(Saved entries)
=== Section Start ===
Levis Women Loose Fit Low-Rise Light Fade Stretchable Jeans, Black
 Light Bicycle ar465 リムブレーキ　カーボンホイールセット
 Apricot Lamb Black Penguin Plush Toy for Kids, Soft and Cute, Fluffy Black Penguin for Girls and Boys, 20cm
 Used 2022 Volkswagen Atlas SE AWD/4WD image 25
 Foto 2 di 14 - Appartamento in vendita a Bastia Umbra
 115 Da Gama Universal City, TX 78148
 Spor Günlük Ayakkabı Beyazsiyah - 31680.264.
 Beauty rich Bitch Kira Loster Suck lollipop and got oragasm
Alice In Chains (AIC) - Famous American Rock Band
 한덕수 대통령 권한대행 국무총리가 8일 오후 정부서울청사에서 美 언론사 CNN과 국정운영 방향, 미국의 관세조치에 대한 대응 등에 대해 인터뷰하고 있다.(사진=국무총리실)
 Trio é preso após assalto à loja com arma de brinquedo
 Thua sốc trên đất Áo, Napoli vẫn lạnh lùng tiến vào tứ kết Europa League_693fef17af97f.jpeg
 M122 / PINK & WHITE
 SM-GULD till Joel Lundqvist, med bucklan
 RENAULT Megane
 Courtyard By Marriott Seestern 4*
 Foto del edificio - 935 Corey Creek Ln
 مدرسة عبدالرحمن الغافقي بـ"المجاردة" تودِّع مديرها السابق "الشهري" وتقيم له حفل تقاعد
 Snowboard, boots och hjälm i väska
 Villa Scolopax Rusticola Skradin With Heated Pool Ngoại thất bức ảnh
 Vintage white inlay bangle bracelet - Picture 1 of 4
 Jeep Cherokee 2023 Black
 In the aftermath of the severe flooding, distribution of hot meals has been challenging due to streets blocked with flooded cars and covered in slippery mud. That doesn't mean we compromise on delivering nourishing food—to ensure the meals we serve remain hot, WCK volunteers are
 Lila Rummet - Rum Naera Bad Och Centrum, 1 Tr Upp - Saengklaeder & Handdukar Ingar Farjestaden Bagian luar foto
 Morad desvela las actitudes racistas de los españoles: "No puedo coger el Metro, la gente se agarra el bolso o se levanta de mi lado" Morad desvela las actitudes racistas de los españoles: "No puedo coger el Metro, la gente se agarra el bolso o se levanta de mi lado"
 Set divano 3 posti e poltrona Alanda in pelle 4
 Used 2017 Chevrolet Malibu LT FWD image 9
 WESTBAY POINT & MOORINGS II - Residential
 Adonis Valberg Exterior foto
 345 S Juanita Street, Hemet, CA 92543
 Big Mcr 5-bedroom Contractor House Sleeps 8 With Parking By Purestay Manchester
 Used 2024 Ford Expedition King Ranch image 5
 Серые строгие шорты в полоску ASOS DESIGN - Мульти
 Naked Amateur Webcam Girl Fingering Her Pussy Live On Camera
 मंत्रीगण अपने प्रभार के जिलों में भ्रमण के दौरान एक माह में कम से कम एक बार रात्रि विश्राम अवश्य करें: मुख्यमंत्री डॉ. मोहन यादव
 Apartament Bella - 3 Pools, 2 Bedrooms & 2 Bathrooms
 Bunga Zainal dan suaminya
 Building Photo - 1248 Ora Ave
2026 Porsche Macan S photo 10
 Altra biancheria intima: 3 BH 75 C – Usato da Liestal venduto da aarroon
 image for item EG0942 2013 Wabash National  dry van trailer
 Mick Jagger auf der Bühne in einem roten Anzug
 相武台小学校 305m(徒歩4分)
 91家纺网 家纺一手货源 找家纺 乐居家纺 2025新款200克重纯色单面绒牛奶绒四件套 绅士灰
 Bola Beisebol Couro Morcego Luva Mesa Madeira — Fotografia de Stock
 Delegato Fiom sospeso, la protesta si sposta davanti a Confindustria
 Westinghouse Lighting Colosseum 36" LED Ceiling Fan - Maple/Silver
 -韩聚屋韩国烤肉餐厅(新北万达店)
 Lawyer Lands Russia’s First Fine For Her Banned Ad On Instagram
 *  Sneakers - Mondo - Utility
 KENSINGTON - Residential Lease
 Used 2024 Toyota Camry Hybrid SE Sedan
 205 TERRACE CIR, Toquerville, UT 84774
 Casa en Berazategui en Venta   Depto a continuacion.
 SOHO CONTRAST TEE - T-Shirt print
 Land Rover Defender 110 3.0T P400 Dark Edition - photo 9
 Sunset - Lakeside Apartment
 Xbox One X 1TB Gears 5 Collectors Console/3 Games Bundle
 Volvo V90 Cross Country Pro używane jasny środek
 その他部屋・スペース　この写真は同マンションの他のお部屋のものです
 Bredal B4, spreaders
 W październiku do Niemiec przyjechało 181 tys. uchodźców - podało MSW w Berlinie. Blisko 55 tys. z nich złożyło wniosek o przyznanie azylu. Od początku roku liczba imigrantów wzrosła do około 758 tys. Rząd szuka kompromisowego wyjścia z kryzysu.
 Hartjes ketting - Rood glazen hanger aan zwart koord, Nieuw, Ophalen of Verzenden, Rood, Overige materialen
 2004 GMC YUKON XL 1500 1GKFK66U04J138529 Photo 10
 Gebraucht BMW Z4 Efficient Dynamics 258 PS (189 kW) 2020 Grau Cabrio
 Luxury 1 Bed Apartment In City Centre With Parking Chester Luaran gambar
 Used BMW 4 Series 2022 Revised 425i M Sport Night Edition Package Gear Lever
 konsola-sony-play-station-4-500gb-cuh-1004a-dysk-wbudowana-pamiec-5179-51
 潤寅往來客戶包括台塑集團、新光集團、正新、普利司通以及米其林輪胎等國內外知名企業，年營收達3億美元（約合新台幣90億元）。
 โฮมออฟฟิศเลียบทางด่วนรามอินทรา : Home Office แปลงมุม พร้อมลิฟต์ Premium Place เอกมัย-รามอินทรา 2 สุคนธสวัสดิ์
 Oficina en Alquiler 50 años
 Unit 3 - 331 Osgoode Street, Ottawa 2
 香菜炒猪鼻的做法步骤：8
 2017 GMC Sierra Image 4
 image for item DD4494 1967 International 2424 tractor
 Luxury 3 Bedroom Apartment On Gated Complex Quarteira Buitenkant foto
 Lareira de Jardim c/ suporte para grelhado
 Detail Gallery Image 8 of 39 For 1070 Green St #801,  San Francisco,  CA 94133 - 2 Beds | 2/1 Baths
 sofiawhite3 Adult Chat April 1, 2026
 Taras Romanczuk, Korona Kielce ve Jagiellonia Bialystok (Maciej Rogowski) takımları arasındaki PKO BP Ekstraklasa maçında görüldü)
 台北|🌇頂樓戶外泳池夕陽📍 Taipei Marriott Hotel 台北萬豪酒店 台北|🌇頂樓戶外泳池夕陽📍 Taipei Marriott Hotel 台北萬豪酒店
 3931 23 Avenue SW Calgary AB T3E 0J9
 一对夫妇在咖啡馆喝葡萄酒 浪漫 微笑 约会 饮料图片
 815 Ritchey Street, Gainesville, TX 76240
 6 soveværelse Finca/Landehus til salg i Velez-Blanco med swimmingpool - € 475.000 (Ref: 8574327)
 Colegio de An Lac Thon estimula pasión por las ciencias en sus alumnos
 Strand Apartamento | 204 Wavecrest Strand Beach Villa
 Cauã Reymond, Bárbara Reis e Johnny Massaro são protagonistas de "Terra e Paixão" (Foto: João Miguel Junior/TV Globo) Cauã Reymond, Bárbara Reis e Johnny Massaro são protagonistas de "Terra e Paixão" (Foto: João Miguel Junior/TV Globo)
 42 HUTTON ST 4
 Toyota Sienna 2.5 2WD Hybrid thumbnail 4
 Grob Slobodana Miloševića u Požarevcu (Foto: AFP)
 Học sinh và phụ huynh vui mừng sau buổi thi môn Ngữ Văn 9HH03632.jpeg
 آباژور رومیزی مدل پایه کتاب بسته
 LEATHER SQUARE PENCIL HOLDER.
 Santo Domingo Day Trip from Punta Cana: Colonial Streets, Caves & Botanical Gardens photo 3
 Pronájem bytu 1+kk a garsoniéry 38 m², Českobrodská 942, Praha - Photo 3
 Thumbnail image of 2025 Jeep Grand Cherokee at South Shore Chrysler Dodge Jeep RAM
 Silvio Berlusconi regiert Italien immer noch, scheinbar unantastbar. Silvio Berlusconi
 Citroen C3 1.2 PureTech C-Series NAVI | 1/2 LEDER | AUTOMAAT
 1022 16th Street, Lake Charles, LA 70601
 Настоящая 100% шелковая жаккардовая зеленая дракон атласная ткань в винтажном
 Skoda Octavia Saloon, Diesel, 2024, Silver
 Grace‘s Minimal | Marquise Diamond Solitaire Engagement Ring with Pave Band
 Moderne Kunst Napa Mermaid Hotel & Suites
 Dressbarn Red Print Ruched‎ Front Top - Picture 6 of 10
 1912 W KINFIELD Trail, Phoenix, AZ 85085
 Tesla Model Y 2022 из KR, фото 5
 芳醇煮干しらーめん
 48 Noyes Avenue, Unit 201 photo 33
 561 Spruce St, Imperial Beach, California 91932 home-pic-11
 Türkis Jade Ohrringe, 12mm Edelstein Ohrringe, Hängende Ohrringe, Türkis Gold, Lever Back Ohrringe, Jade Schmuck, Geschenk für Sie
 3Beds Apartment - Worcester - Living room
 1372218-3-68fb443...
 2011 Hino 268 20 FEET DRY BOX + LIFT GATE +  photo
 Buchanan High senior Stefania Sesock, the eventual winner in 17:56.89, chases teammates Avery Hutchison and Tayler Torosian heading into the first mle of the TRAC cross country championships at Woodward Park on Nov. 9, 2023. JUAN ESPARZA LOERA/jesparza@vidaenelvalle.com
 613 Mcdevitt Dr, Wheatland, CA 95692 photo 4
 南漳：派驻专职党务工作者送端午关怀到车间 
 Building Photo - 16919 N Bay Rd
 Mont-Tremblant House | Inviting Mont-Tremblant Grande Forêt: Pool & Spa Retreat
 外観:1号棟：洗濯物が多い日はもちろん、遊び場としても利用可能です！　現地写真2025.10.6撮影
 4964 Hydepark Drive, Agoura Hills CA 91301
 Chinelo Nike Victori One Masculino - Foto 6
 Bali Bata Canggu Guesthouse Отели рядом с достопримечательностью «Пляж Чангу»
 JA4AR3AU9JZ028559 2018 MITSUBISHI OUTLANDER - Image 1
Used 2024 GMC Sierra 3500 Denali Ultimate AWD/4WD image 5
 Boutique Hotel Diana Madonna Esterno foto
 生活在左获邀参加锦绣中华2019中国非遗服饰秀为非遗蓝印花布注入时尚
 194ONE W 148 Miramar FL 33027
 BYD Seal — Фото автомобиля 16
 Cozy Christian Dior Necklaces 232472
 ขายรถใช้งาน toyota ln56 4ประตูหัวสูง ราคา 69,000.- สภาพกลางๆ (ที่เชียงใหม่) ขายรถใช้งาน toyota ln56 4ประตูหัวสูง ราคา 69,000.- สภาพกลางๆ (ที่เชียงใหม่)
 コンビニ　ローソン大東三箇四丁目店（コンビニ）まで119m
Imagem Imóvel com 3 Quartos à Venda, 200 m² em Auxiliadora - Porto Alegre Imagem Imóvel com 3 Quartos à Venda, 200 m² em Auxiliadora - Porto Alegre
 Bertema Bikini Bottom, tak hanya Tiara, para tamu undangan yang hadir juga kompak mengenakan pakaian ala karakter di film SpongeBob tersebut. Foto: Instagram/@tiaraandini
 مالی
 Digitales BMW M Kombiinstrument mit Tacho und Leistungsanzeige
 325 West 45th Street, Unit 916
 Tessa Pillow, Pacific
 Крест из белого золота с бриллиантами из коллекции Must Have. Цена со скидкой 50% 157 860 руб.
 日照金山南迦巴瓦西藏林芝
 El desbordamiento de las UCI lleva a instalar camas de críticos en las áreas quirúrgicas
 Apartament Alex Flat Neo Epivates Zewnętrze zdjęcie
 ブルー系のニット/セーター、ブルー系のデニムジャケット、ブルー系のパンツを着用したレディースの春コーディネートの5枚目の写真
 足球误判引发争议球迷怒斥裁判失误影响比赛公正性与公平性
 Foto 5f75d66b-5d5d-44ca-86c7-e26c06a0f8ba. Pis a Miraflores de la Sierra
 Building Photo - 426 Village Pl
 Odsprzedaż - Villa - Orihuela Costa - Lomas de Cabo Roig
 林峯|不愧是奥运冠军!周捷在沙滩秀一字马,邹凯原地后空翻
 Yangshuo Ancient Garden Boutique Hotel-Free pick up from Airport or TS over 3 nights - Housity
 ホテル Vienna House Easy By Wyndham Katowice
=== Section End ===
TRY IT:
Exactly as they appear, retype the lines from the start of the records through the line containing "한덕수 대통령 권한대행".

RESULT:
Levis Women Loose Fit Low-Rise Light Fade Stretchable Jeans, Black
 Light Bicycle ar465 リムブレーキ　カーボンホイールセット
 Apricot Lamb Black Penguin Plush Toy for Kids, Soft and Cute, Fluffy Black Penguin for Girls and Boys, 20cm
 Used 2022 Volkswagen Atlas SE AWD/4WD image 25
 Foto 2 di 14 - Appartamento in vendita a Bastia Umbra
 115 Da Gama Universal City, TX 78148
 Spor Günlük Ayakkabı Beyazsiyah - 31680.264.
 Beauty rich Bitch Kira Loster Suck lollipop and got oragasm
Alice In Chains (AIC) - Famous American Rock Band
 한덕수 대통령 권한대행 국무총리가 8일 오후 정부서울청사에서 美 언론사 CNN과 국정운영 방향, 미국의 관세조치에 대한 대응 등에 대해 인터뷰하고 있다.(사진=국무총리실)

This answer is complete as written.